Investors dump debt designed to pay out when developing nations face serious outbreaks
Investors are betting that a special pandemic bond issued by the World Bank will pay out relief funds to countries affected by the coronavirus, as the death toll from the outbreak continues to mount.
In 2017 the Washington, DC-based institution issued two classes of pandemic bond worth a total of $320m, in a deal designed to help developing nations facing a serious outbreak of infectious disease. The bonds deliver interest payments to investors, funded by donor nations Japan and Germany, until certain trigger conditions are reached. At that point the bonds are not repaid in full and the money is used instead to help tackle the crisis.

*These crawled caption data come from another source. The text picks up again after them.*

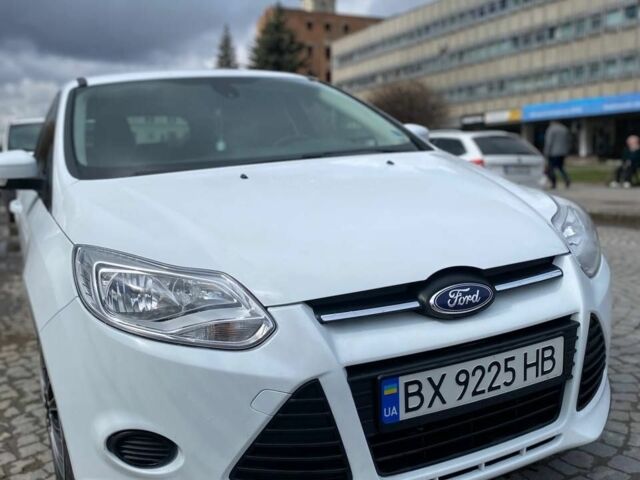Белый Форд Фокус, объемом двигателя 1.6 л и пробегом 200 тыс. км за 6500 $, фото 17 на Automoto.ua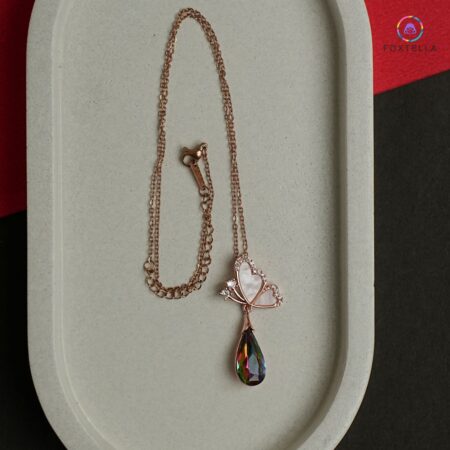 Vibrant Flutter Pendant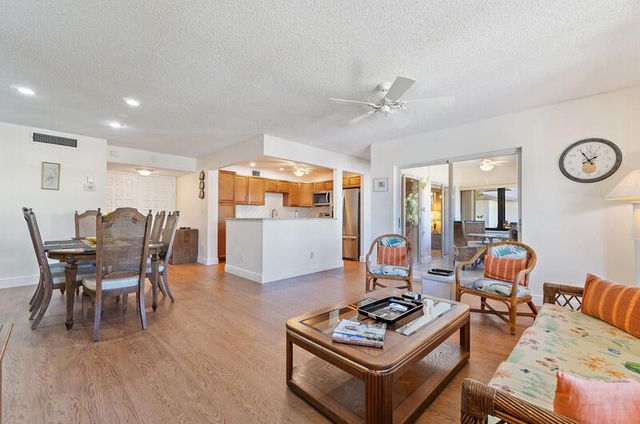 1800 SE Saint Lucie Boulevard 7-205, Stuart, FL 34996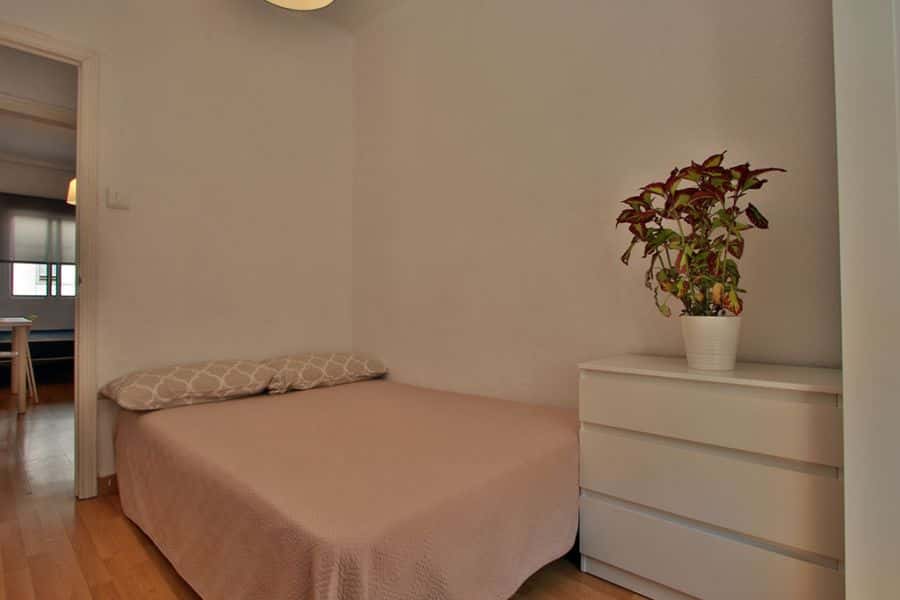 Habitación en piso de 3 habitaciones en L'amistat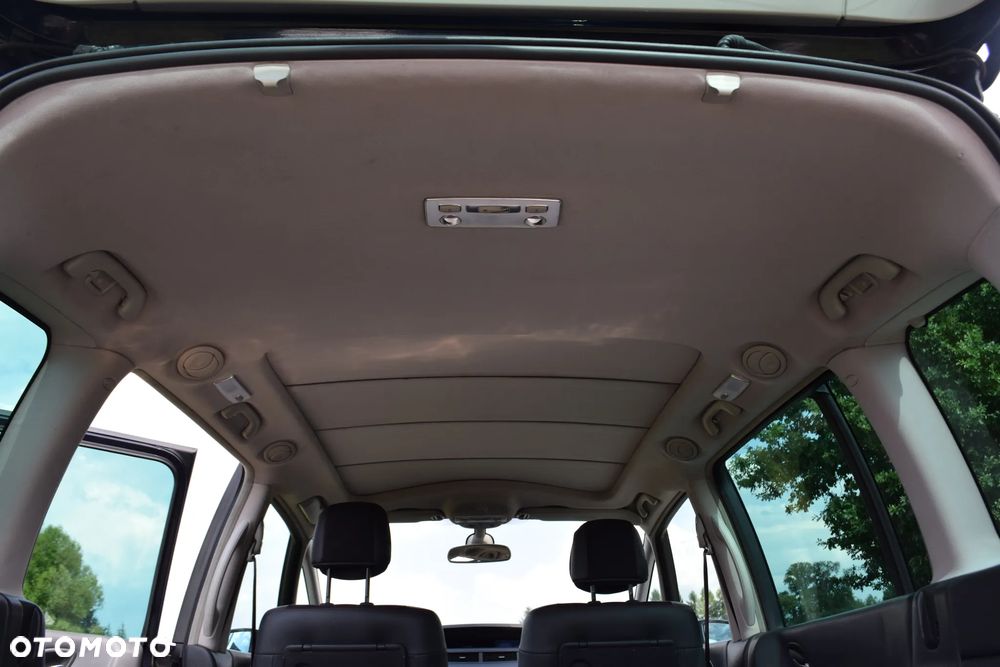 Renault Espace 2.0T Dynamique - 31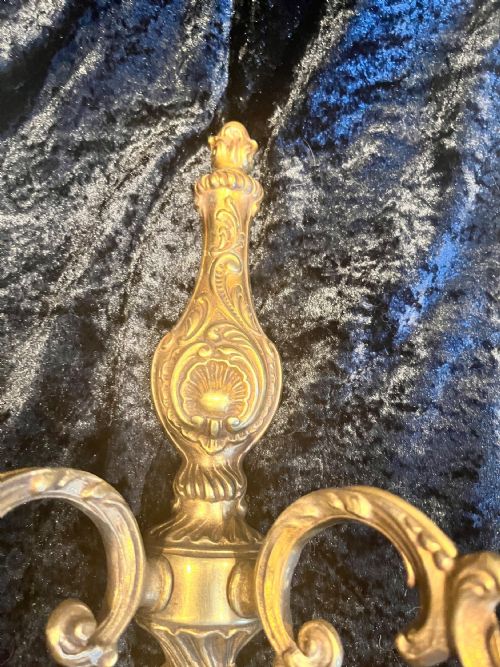 A PAIR OF TWIN LIGHT ANTIQUE FRENCH BRASS WALL LIGHTS - ADDITIONAL PHOTO 8
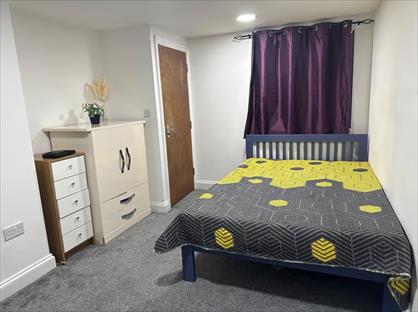 Room in a Shared House, Hall Road, E6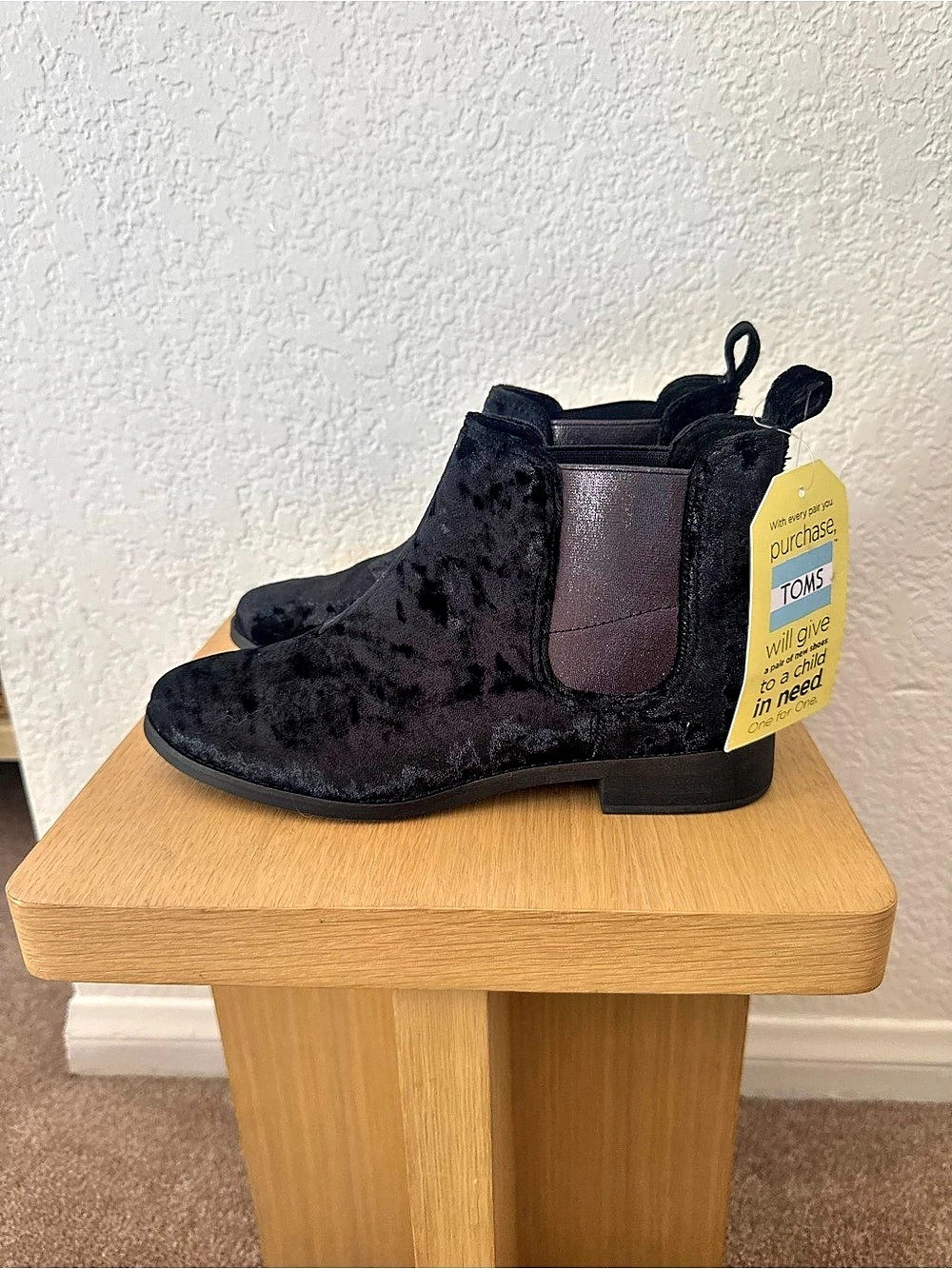TOMS Ella Black Velvet Ankle Boots US 7.5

For the riskier of the two bonds to pay out (“Tranche B”), the disease must cross an international border and there must be at least 20 fatalities in the second country. Those bonds are trading an average of 57 cents on the dollar, according to an aggregate of four dealers, suggesting that a payout is likely. So far, there have been 34 deaths outside mainland China, 12 of which were in Iran, eight in South Korea, five in Italy and four in Japan.
The other tranche, which requires there to be 2,500 deaths in developing countries to trigger a payout, is still trading close to par.
“The market believes there is a significant chance the bond will lose a portion of its nominal [value],” said David Strasser, senior portfolio manager at Zurich-based Plenum Investments, which has invested in Tranche A.
The bonds represented an attempt by the World Bank to use global capital markets to change the face of aid and development, but have come under scrutiny for allowing investors to enjoy high double-digit coupons while outbreaks afflict the developing world.
The bonds have not been triggered to date, despite serious bouts of Ebola and other diseases. Now, as the coronavirus outbreak spreads, critics say that any payments to areas affected would be too little, too late. The riskier of the two bonds requires 12 weeks to have passed since the initial outbreak — a milestone which will be reached on 23 March — and for 250 deaths to have taken place in the country of origin. Almost 2,600 deaths have so far been recorded in China.
“The terms are too stringent; it shows how useless this instrument is,” said Bodo Ellmers, director of Global Policy Forum’s sustainable development finance programme. “You obviously want to prevent a pandemic but it only pays out when it becomes a pandemic, that’s the fundamental flaw,” he said.
Pandemic bonds are closely held and largely illiquid. Filings collated by Bloomberg show that Tranche B, which matures on June 15, is held by asset managers including Baillie Gifford, Amundi and Stone Ridge Asset Management.
The biggest cluster of the virus outside of China is on a cruise ship docked in the Japanese port of Yokohama, where there are more than 600 confirmed cases among almost 4,000 passengers. Three people on the ship are reported to have died.
Fatalities in any country count towards the trigger conditions but one of the countries affected must be eligible for funding by the International Bank for Reconstruction and Development, the World Bank’s lending arm. China qualifies on those grounds, according to the World Bank.
“A payout is much more likely than it has been at any point previously,” said one investor in the Tranche B bond, which pays a coupon of 11.1 per cent over Libor. “If it’s going to happen, the sooner the better,” the investor added, noting that “it’s important not to lose sight of the human cost”.